The chart above shows the "LA Angeles" winning the 2002 World Series, when in fact they were known as the Anaheim Angels at that time, and will be again when Public Relations dolt Arte Moreno goes the way of the dinosaur.

Hmmm. In your table of last 10 WS champions, another column called Payroll Ranking would probably indicate their expenditures in the top quartile of all teams each year. The highest payroll may not guarantee a champ, but relatively high spending probably does.

Thanks for the comments. Just a quick response from the book: In chapter three of the Wages of Wins we detail the link between wins and relative payroll. Estimating this simply model reveals that relative payroll explains 17.6% of wins from 1988 to 2005 (In response to Cyril, this is the r-squared). If you look at this from 1988 to 1994, relative payroll explains 6.2%. From 1995-99, which we call the Blue Ribbon Panel years, the explanatory power is 32.5%. After this time period, though, from 2000 to 2005, explanatory power falls again to 17.6%. We take this to mean that payroll alone does not explain much of wins.
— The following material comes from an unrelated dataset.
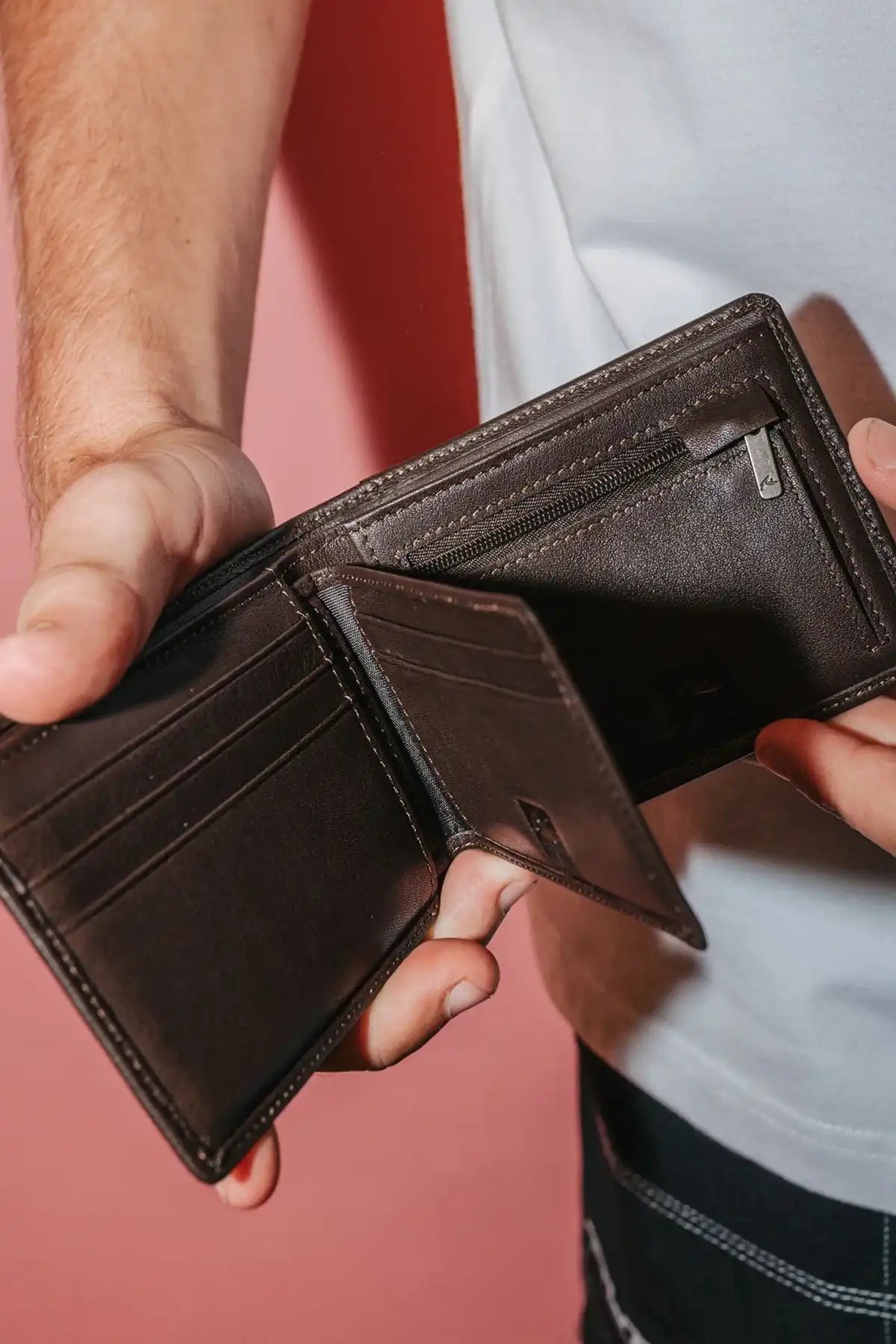 man holding the Rusty High River 2 Leather Coffee Wallet open so you can see the compartments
I would add that the low explanatory power of payroll is also seen in the NFL and NBA. This is a topic we discuss in some detail in our forthcoming book.

I don't much care for articles like these, which brush aside the spending inequalities in baseball. Come on. It's a joke. Teams like the Los Angeles Angels and so-on are referred to as "high payroll" teams when they have like half the payroll of the Yankees. Sooner or later, the Yankees are going to rattle off 2 or 3 World Series victories in a row and these articles will have to cease. The Yankees simply spend their money poorly.

Teams like the Yankees have a margin for error that other teams cannot begin to dream about. Look at what happened with Mussina, Wright, and Pavano last season. What would happen to to the A's if that fate befell Harden, Blanton, and Zito? Or the Angels with Colon, Lackey, and Byrd?

A lot of the problems come from the Yankees spending some of their money unwisely. Just wait until some prime free agents come on the market and the Yankees lose contracts like Mussina's.

Somebody ask the 8-1 Mets if they feel money hasn't bought them anything...


When you ran the regression was each team/season an observation, so that you had a couple hundred or so? Or did you try one where you had each team's average annual relative payroll and their average annual winning percentage? So in that last regression you would only get 30 observations.

The regression was run as you first suggested, with team/season as the unit of observation. So from 1988 to 2005 we had 510 observations.

Okay, thanks. I wonder if it would be worth it to try the second way, if that might smooth out some of the year to year randomness. Also, I wonder if a separate regression could be done for each league. Maybe how much a team spends should only be compared to the teams it plays against (although now there are some inter league games). But maybe a regression with just 14 or 16 observations won't mean much, though. I really don't know.

I think the key point in the essay I posted was "Our analysis indicates that less than 40% of player performance in any given season can be attributed to what a player did the previous season. That is past success - or past failure - is a weak predictor of future outcomes." Because performance from season to season is not easily predicted, knowing which players to buy next season is difficult. If you add to this point the randomness associated with post-season performance, buying a championship becomes even more unlikely. At least, that is the story I think the data is telling.